__The input__.
##############################

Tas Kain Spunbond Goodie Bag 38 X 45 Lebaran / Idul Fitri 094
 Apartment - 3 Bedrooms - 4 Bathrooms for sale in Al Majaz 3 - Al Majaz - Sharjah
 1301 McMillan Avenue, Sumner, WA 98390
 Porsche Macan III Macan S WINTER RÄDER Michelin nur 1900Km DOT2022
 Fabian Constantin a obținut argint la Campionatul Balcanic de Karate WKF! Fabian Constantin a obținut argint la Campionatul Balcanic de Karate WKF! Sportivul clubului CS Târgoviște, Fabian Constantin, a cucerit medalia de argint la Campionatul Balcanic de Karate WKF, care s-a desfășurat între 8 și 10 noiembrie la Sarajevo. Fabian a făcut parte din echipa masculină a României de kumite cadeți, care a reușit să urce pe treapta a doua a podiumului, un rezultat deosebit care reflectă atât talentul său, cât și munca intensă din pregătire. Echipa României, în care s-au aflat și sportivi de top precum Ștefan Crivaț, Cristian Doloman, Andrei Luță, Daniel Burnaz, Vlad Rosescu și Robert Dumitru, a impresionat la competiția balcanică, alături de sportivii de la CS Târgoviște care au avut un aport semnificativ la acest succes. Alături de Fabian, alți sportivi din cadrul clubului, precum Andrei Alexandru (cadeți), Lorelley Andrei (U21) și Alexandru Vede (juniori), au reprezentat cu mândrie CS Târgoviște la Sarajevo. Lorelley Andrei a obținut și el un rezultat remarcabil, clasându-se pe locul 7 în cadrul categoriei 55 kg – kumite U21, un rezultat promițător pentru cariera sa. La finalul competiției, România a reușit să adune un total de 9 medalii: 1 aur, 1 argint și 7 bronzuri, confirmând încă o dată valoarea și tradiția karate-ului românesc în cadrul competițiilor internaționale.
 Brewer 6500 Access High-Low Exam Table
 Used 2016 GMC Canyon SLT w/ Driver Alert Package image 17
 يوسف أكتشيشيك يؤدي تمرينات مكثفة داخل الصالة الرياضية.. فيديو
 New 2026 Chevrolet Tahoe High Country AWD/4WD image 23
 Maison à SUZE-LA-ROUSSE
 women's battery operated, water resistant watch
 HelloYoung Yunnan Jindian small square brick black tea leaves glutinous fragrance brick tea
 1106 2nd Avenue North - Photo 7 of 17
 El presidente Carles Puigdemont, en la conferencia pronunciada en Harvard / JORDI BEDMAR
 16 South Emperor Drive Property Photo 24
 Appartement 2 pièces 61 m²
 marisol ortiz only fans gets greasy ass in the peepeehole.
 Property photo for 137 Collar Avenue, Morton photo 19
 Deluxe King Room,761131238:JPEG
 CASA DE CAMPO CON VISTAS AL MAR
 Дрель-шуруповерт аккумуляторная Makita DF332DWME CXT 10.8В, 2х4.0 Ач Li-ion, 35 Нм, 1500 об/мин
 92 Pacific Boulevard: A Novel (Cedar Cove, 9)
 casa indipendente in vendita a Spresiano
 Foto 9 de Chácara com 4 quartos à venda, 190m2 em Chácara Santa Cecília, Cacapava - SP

##############################

__What the exercise asks__. For this listing, copy out every line that includes the word "image".

__The completed task__.
 Used 2016 GMC Canyon SLT w/ Driver Alert Package image 17
 New 2026 Chevrolet Tahoe High Country AWD/4WD image 23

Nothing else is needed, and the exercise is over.